Sauf à être totalement possédé, il est difficile de justifier le fait d’acheter une maison en plein quartier arabe de Silwan, là où il n’y a aucun Juif, ne pas aller dans les commerces alentour, mettre au balcon des drapeaux israéliens signifiant aux Arabes vivant là : « Votre quartier est à nous ! ». Puis demander aux forces de l’armée israélienne de protéger la maison, s’en suivant l’installation de barrières, caméras et check point, déstabilisant la vie des habitants du quartier. Est-ce la parole divine qui autorise à pourrir la vie des gens avec l’espoir avoué et même revendiqué de les soumettre ou de les faire partir ? 
Même méthode lorsque les « jeunes des collines » installent un point de peuplement sauvage en hauteur au-dessus d’un village arabe pour contrôler la situation. Puis demander qu’une route soit créée pour arriver à leurs caravanes.
Pour éviter les heurts ? l’armée dresse un check point afin d’éviter toute déflagration.
Disons le, leur but n’est pas de vivre en Paix avec leurs voisins, mais de modifier sensiblement la vie des habitants arabes, enflammant les cœurs de haine et désir de vengeance.
La méthode me rappelle l’Histoire de « Ch’ha » que m’a rapportée mon père :
Ch’ha qui a besoin d’argent décide de vendre sa maison à laquelle il tient pourtant beaucoup. Il trouve un acheteur et lui demande s'il peut garder un clou qui est fixé sur un des murs et auquel il prétend être attaché. Surpris, finalement l'acheteur accepte.
Le lendemain, Ch’ha revient dans son ancienne maison et dit : « Je dois accrocher ce vêtement à mon clou. » Le nouveau propriétaire interloqué accepte puisque le clou appartient à Ch’ha.
Le surlendemain, Ch’ha revient et accroche à son clou une carcasse de viande. Cette fois, le propriétaire proteste. Mais Ch’ha lui répond « c'est mon clou, j'y accroche ce que je veux ! » La carcasse reste là plusieurs jours. Ne supportant plus la puanteur, le propriétaire de la maison n'en peut plus et proteste auprès de Ch’ha qui lui propose : « Si tu veux, je peux te racheter la maison, mais je n’ai que peu d’argent »
Ne pouvant plus vivre ainsi le vendeur accepte et Chha récupère sa maison pour une somme dérisoire.

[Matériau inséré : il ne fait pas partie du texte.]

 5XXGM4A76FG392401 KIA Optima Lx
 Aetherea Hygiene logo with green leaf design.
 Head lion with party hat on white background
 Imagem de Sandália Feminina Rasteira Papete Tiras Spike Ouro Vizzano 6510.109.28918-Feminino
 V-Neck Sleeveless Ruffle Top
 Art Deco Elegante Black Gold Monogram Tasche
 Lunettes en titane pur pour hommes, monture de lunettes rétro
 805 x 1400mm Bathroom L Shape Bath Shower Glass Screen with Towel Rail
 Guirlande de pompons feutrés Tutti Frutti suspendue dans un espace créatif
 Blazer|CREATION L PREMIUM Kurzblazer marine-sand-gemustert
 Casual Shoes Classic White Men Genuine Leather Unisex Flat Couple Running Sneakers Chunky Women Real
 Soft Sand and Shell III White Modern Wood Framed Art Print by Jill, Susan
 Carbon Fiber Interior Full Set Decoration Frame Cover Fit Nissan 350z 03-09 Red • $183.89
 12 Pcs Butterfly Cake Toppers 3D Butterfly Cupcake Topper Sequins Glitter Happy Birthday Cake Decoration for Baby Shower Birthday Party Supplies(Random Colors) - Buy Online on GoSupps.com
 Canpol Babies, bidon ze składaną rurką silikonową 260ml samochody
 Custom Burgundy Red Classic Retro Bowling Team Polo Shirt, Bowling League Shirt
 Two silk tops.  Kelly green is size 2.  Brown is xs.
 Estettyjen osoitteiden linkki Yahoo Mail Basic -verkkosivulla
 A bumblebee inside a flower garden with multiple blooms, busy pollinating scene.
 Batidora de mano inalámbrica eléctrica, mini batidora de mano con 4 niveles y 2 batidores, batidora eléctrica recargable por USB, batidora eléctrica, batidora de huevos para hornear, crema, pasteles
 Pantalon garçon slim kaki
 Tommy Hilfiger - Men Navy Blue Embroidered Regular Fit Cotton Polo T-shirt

Bien avant la création de l’Etat d’Israël, l’OLP, l’Etat islamique ou le Hamas, alors que le mouvement sioniste était encore en gestation, avant le premier congrès sioniste de 1897, un des penseurs les plus respectés de la pensée sioniste Ahad Ha’Am fit un voyage en Palestine Ottomane en 1891. A son retour, il écrivit un article qui s’intitulait « Vérité sur la Palestine » à l’intérieur duquel il mettait en garde les premiers promoteurs du Sionisme : « … les Arabes, comme tous les sémites, possèdent une vive intelligence et une grande astuce. Ils ne se laissent pas tromper par nos activités dans le pays et ils ont compris nos intentions, mais ils gardent le silence, car pour le moment ils n’y voient aucun danger pour leur avenir. Mais lorsque la vie de notre peuple en Palestine se développera au point que le peuple indigène s’en sente menacé, il ne cèdera pas si facilement. Avec quelle prudence devons-nous traiter avec un peuple étranger au sein duquel nous voulons nous installer ! Combien est-il important que nous fassions preuve de bienveillance et d’estime à son égard ! …. Si l’Arabe considère jamais l’action de ses rivaux comme une oppression ou une spoliation des ses droits, alors, même s’il est silencieux et qu’il attend son heure, la rage restera vivante dans son cœur. »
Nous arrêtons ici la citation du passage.